By cvandam - Posted on 04 July 2015

Mejumaa Mwakaramu, from Matuga Primary School, the prize winner of the MTG essay competition about 'Girls  & Football' writes in her essay: 'When girls participate in football, like boys, they become famous and get the chance to travel to many places to represent their country. A female footballer will also be treated equal as a boy because she can play even better than male players. If they are trained and become perfect in football, they can participate in international matches and they will be paid just the way the boys are paid.' That is the future as we see it: equal rights and equal treatment for boys and girls. The reality is different.

In a survey that MTG has carried out among schools and clubs in Kilifi County, MTG's catchment area and sport and development organisations in Kenya, it becomes clear that equal treatment is not yet a reality.

Some facts:

  • Girls are one third of the Kenyan football population (compared to 8,8% globally).
  • 25% of the Kenyan coaches and referees are female (compared to 7% globally for coaches and 10% for referees).
  • Girls play relatively more matches and tournaments compared to boys.

That is good news.
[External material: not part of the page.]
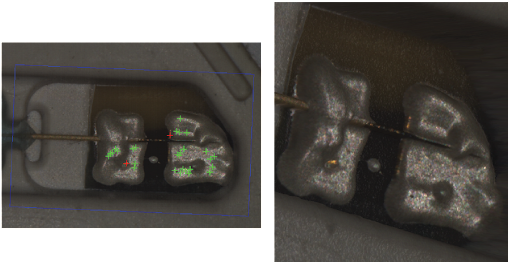 Figure 4: The gold color was registered but the 3D scan revealed it was an aberration. Figure 5: Height setup for the 3D camera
The number of girls playing football in Kenya is increasing and relatively higher compared to other countries in the world. It means, that, at grassroot level - as we can see here today - there are opportunities for girls to play football, We can also see that girls are ready to take those opportunities.

According to the MTG survey at least 1,1 million boys and girls are playing football at grassroot level without any facilitation from the Football Kenya Federation. Since Kenya has relatively many girls playing football, it is disappointing that we score so low on the FIFA ranking for Women's football as number 138, number last with 40 other teams that haven't played more than five matches against officially ranked teams

The inequality in Kenya becomes clear when we look at the resources available and the media attention for girls' and women's football.

The facts:

  • 23,6% of the resources are available for girls in grass roots football (compared to 4% at national level).
  • At grass roots level girls get only 25% of the media coverage (although they have relatively more opportunities to play)

This comes right after the Kenya Women's Football team's qualifier against Botswana when stories came out that the team had camped in the changing rooms at the national sports stadium Kasarani in preparation for their Olympic qualifier.

And also in the weeks when the World Cup womens' football is being played.

How many people know that the Women's World Cup in Canada is going on?

And how much have we seen on the television, compared to the hype round the men's World Cup in Brazil in 2014?

If no media attention is being given, no corporates will ever be interested in women's football and the level of resources for women's football will never increase. Lack of recognition and resources will encourage girls to stop playing football before they even might be selected for the national team.

At least, the fact that the MTG United team under 16 year has won the East Africa Cup 2015 has not gone unnoticed completely. The Daily Nation, Taifa Leo and some of the radio stations have given attention to this great success. The editor of today's Mwanaspoti underlines this when he says 'if we want our country to improve in sports we must award the winners in sports: boys, girls, men and women'.

And that is what we are doing today.